-------- Exercise data --------

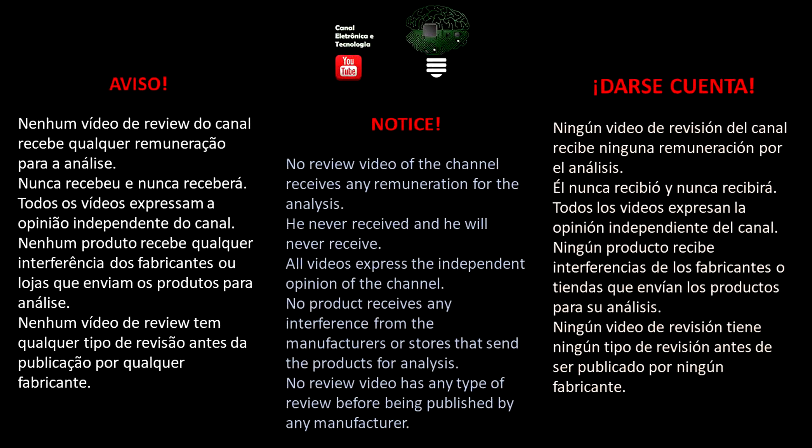Notice: No review video on this channel receives any remuneration for the analysis. He never received and will never receive. All videos express the independent opinion of the channel. No product receives any interference from the manufacturers or stores that send products for analysis. No review video has any type of review before being published by any manufacturer.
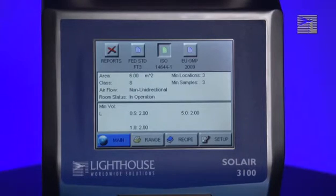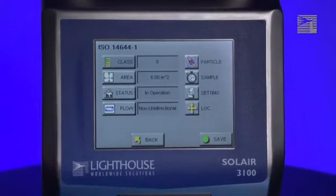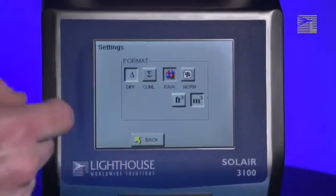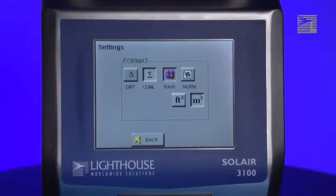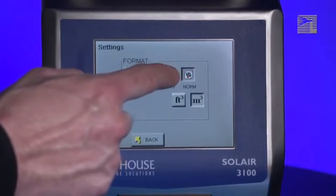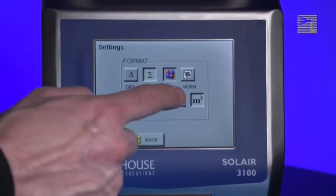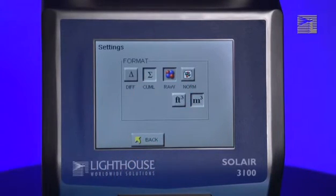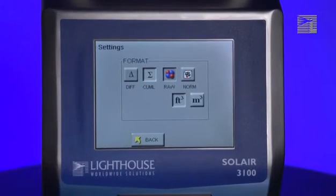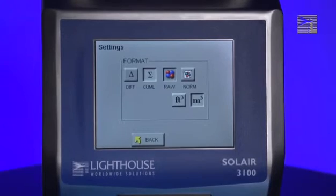To continue setting up the report, press the Setup button again. The calculating mode may be set via the Settings button. All supported cleanroom standards require the counts to be collected in cumulative mode. Selecting raw or normalized counts or selecting display units of cubic feet or cubic meters changes how the particle counts are displayed, but does not change the validity of the report. However, to avoid confusion, select cubic feet for display units when running the Federal Standard Report, and select cubic meters when running ISO 14644-1 or the EUGMP report.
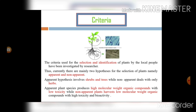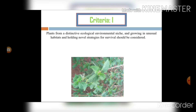The criteria used for selection and identification of plants is acquired from local people by researchers, since local people know much more about local plants as they deal with them in daily life. According to scientific knowledge, there are two hypotheses: apparent and non-apparent. Apparent hypothesis focuses on shrubs and trees producing high molecular weight organic compounds with low toxicity, while non-apparent herbs produce low molecular weight organic compounds with high toxicity and bioactivity.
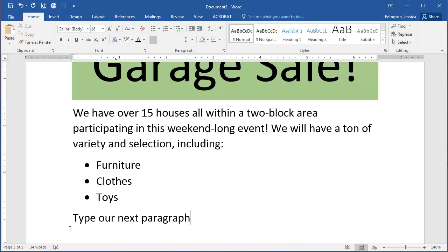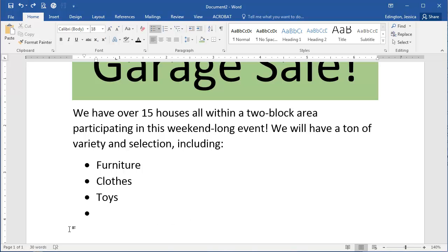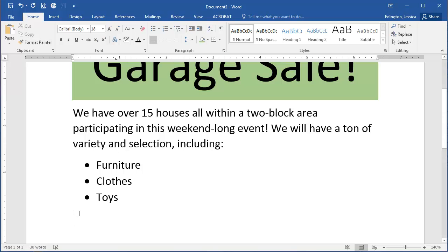Another thing you can do — if I undo that — let's say you have a bullet and you want to get rid of it: you can uncheck or un-press the bullets button, and it's going to get rid of all those extra steps and automatically be flush with the left. So now I can type my next paragraph. That's the way to use bullets and then un-bullet when you're done with a list.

--------

This task calls for the listing to be restated exactly, with images omitted.

Notice: No review video on this channel receives any remuneration for the analysis. He never received and will never receive. All videos express the independent opinion of the channel. No product receives any interference from the manufacturers or stores that send products for analysis. No review video has any type of review before being published by any manufacturer.
To continue setting up the report, press the Setup button again. The calculating mode may be set via the Settings button. All supported cleanroom standards require the counts to be collected in cumulative mode. Selecting raw or normalized counts or selecting display units of cubic feet or cubic meters changes how the particle counts are displayed, but does not change the validity of the report. However, to avoid confusion, select cubic feet for display units when running the Federal Standard Report, and select cubic meters when running ISO 14644-1 or the EUGMP report.
The criteria used for selection and identification of plants is acquired from local people by researchers, since local people know much more about local plants as they deal with them in daily life. According to scientific knowledge, there are two hypotheses: apparent and non-apparent. Apparent hypothesis focuses on shrubs and trees producing high molecular weight organic compounds with low toxicity, while non-apparent herbs produce low molecular weight organic compounds with high toxicity and bioactivity.
Another thing you can do — if I undo that — let's say you have a bullet and you want to get rid of it: you can uncheck or un-press the bullets button, and it's going to get rid of all those extra steps and automatically be flush with the left. So now I can type my next paragraph. That's the way to use bullets and then un-bullet when you're done with a list.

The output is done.